Posture. To rest with the torso in an upright position and the body supported largely on the buttocks.
Usage: The manner of sitting at a conference table, e.g., transmits information about one's status (mental, physical, and social), feelings, and unvoiced opinions, attitudes, and moods.
Primatology. Sitting is the usually favored position of primates.
Salesmanship. "Do not wait to be asked to be seated" (Delmar 1984:42).
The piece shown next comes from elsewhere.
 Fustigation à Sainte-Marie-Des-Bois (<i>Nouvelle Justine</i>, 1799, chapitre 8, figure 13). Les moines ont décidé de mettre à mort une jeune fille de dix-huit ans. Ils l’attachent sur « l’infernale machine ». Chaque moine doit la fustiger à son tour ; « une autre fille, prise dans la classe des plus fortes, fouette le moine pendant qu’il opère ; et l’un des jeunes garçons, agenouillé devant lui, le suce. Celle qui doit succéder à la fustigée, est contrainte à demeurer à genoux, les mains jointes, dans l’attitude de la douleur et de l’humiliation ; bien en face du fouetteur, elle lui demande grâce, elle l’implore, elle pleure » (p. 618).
RESEARCH REPORTS: 1. The most detailed research on sitting positions is by the anthropologist Gordon W. Hewes (1957). 2. Male, North-American college students express uneasiness with changes in sitting posture (e.g., by assuming a more direct body orientation; Vrugt, Anneke, and Kerkstra 1984). 3. Female, North-American college students show uneasiness by sitting still and arm-crossing (Vrugt, Anneke, and Kerkstra 1984). 4. In chairs and couches, a. ankle-ankle legs cross ("I am politely relaxed"; worldwide), b. knee-knee legs cross ("I am very relaxed"; worldwide), c. ankle-knee legs cross ("I am assertively relaxed"; widespread), and d. legs twine ("I am slinkily relaxed"; widespread) have been identified as typical human sitting postures (Morris 1994:152-54).
Neuro-notes: As consumer products, couches are designed to recall the primate lap's protopathic softness, and to stimulate pleasure areas for grooming, childcare, and sexuality in the mammalian brain's cingulate gyrus.